» **Work to be completed**: Please copy out every line in the records below that includes the word "Beanie".
↓
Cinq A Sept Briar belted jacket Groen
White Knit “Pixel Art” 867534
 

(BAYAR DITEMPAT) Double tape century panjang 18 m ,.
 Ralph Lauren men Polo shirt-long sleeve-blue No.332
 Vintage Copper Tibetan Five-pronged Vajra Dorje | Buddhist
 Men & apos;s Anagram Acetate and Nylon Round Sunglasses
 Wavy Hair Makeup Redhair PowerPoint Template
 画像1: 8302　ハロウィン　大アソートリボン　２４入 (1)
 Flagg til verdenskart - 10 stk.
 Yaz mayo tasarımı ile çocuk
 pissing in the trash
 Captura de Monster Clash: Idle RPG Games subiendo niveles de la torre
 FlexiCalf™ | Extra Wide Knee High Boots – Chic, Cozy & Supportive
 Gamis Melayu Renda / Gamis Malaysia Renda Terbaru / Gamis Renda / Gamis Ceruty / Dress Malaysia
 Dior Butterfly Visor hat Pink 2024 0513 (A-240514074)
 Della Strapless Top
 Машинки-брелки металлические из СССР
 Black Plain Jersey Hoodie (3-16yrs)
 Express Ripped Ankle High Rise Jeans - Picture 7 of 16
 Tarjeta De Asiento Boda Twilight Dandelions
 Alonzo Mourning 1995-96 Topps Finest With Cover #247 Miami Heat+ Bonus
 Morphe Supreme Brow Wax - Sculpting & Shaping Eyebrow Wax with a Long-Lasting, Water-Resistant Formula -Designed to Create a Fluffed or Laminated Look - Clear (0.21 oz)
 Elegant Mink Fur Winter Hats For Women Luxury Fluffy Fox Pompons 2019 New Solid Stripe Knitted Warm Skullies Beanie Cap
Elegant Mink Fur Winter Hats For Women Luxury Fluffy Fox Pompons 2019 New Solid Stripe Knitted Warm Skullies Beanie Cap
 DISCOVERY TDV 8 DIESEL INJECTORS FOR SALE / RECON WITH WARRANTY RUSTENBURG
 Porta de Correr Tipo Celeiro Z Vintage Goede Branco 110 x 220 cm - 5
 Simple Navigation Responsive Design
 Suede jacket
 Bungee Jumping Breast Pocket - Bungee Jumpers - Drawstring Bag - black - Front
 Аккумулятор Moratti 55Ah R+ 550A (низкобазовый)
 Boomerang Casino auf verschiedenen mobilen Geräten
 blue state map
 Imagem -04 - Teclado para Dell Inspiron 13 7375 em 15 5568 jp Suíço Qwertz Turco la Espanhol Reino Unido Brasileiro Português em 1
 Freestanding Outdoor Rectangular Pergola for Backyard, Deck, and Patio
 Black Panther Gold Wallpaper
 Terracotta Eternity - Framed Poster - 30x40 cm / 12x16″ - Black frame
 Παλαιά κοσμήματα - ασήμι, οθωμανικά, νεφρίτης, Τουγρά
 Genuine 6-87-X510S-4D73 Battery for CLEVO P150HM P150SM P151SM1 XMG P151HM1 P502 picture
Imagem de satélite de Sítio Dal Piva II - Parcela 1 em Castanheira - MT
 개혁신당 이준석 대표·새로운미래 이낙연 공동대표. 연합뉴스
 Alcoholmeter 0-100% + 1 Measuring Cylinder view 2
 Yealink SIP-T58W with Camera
↑
» **Reply**:
 Elegant Mink Fur Winter Hats For Women Luxury Fluffy Fox Pompons 2019 New Solid Stripe Knitted Warm Skullies Beanie Cap
Elegant Mink Fur Winter Hats For Women Luxury Fluffy Fox Pompons 2019 New Solid Stripe Knitted Warm Skullies Beanie Cap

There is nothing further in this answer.